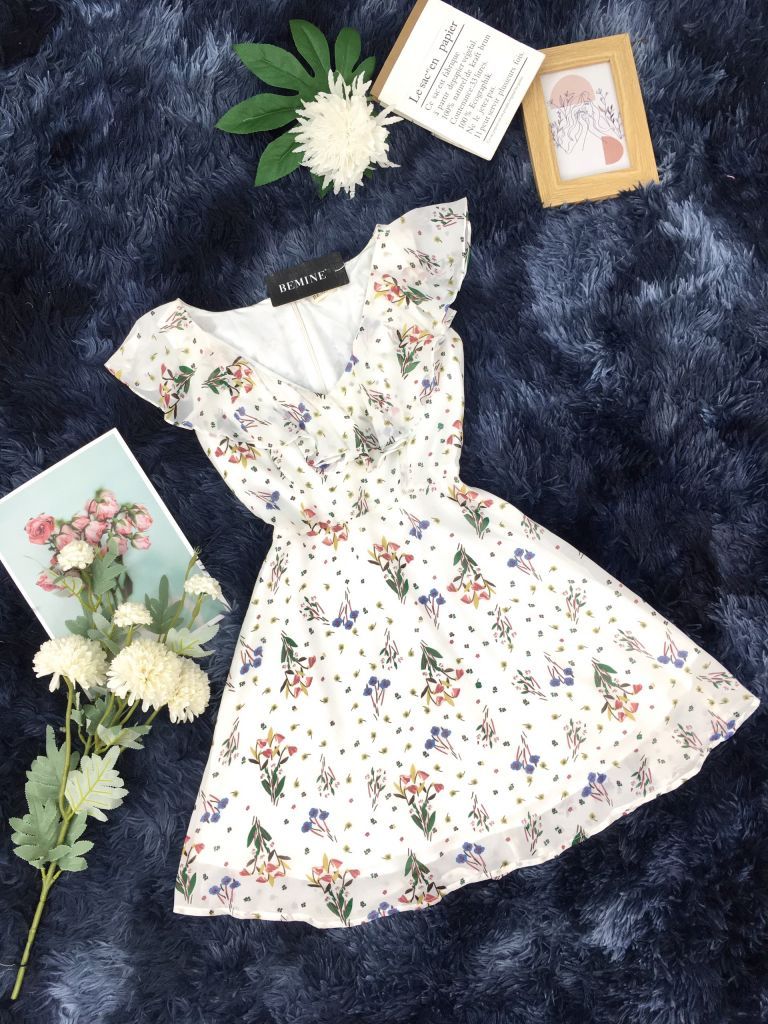 UT227TRANG - Đầm hoa cổ bèo tim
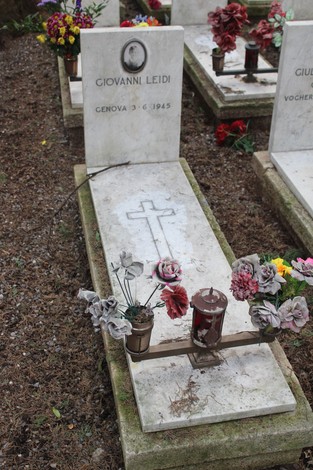 Tombe con fiori e commemorazioni, in onore dei caduti per la Libertà, in un cimitero.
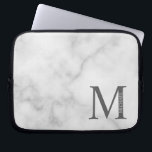 White Marble Personlig Monogram och Namn Laptop Fodral<br><div class="desc">Personlig Monogram- och Namn-presentationer med personlig monogram och namn i klassiskt serif font stil.</div>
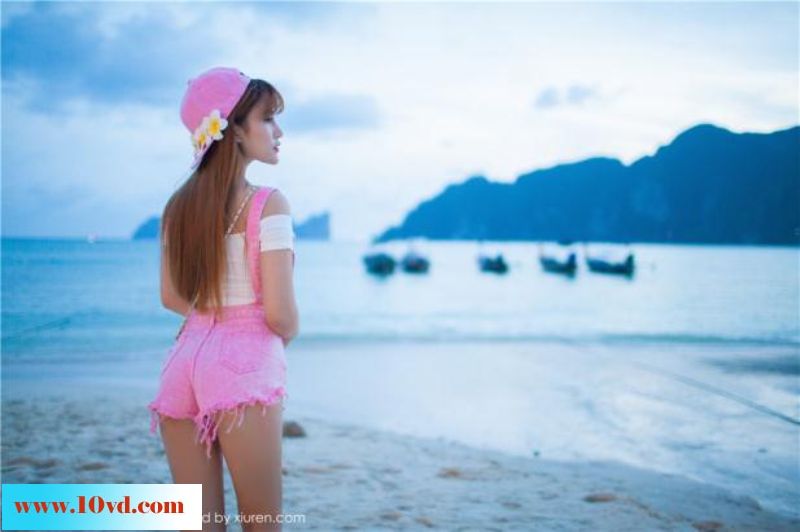 美女啦啦户外媚美动人【11P】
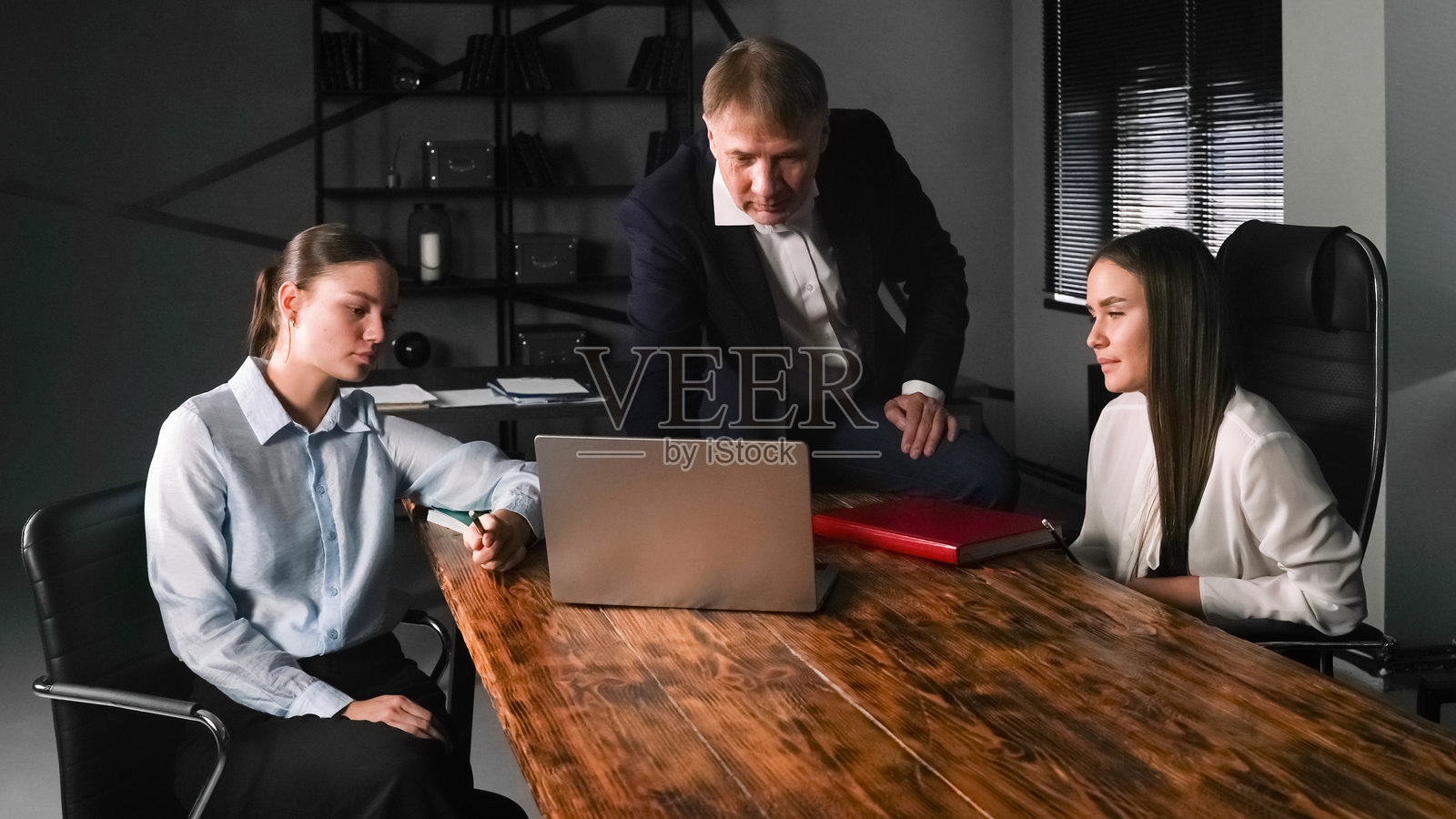 团队在现代办公室环境中讨论项目细节的商务会议照片摄影图片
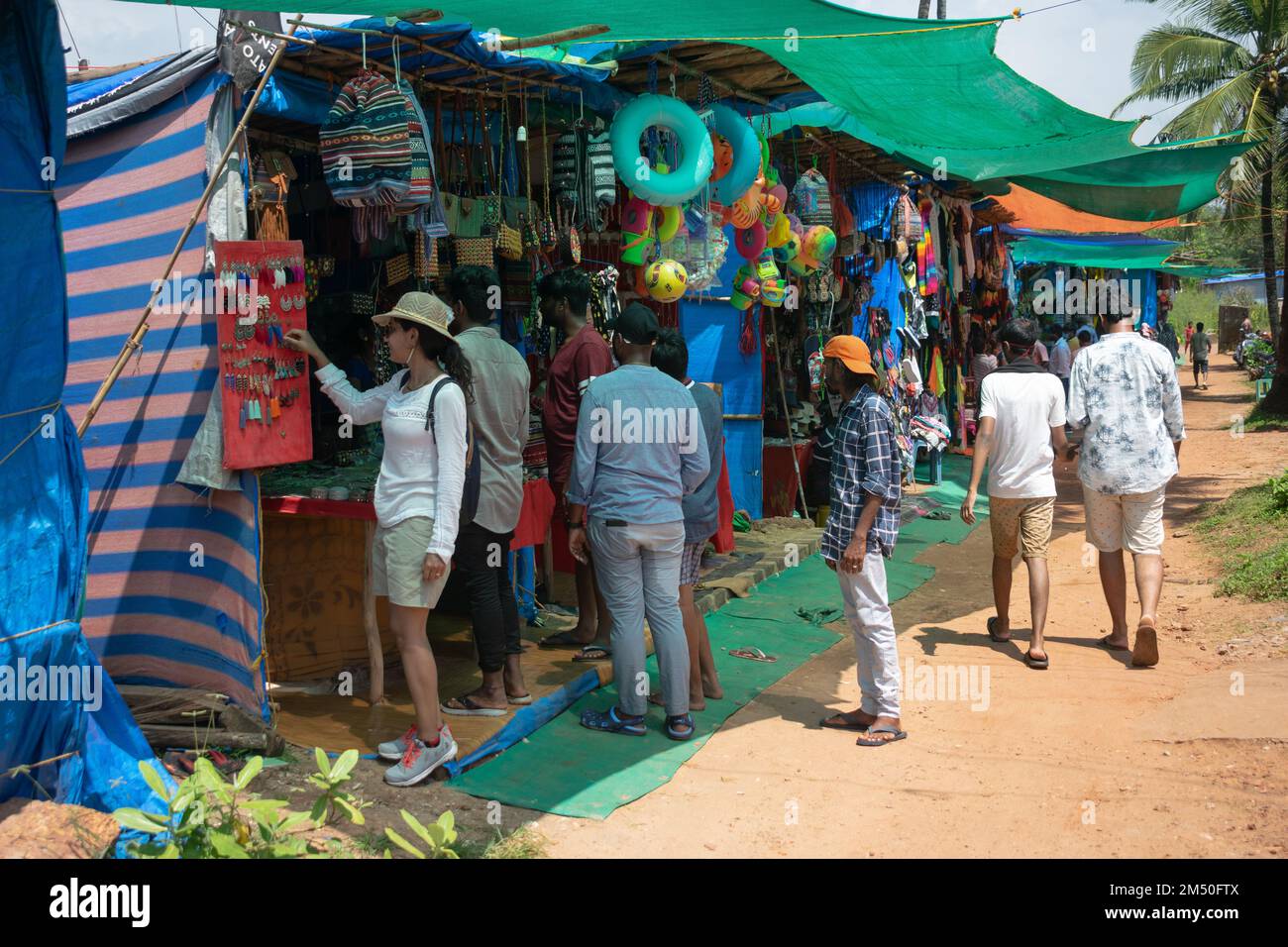 Anjuna, Goa, India - 02 ottobre 2021, immagine di un mercato locale di strada sulla spiaggia affollato dopo pandemia a Goa Foto Stock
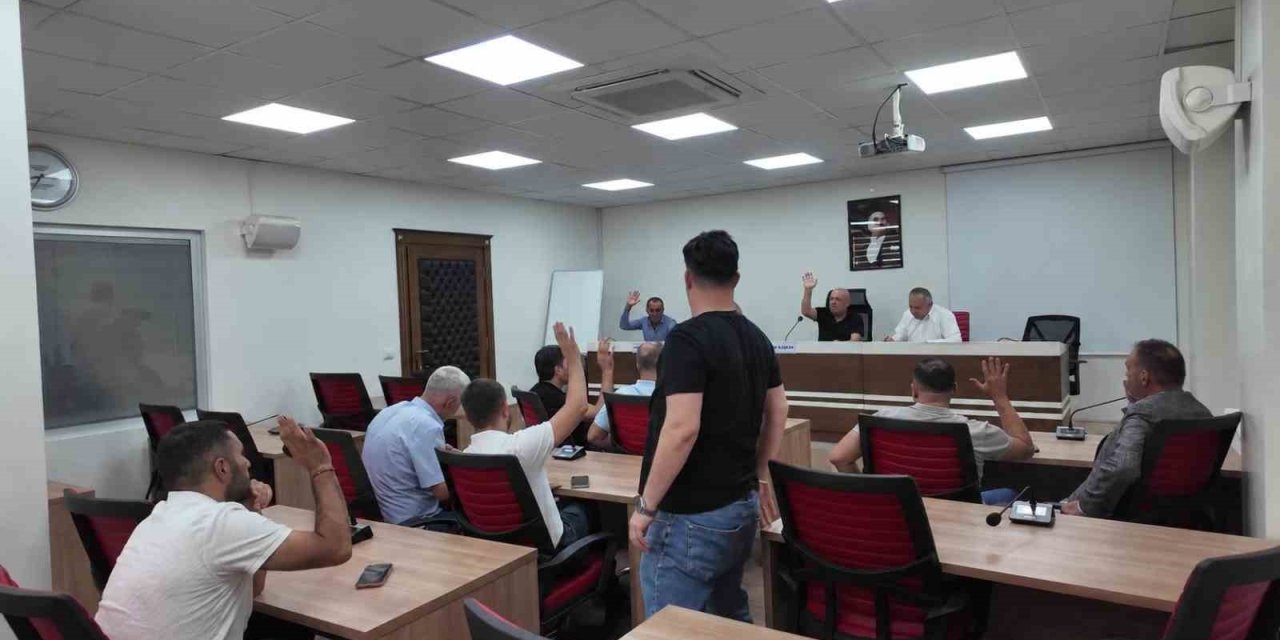 Honaz Belediye Meclis Toplantısında Yeni Parti koltukları boş kaldı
● ● ● ● ●
== Task goal ==
The data above must be copied exactly. Leave out the pictures.

== Result of this task ==
 UT227TRANG - Đầm hoa cổ bèo tim
 Tombe con fiori e commemorazioni, in onore dei caduti per la Libertà, in un cimitero.
 White Marble Personlig Monogram och Namn Laptop Fodral<br><div class="desc">Personlig Monogram- och Namn-presentationer med personlig monogram och namn i klassiskt serif font stil.</div>
 美女啦啦户外媚美动人【11P】
 团队在现代办公室环境中讨论项目细节的商务会议照片摄影图片
 Anjuna, Goa, India - 02 ottobre 2021, immagine di un mercato locale di strada sulla spiaggia affollato dopo pandemia a Goa Foto Stock
 Honaz Belediye Meclis Toplantısında Yeni Parti koltukları boş kaldı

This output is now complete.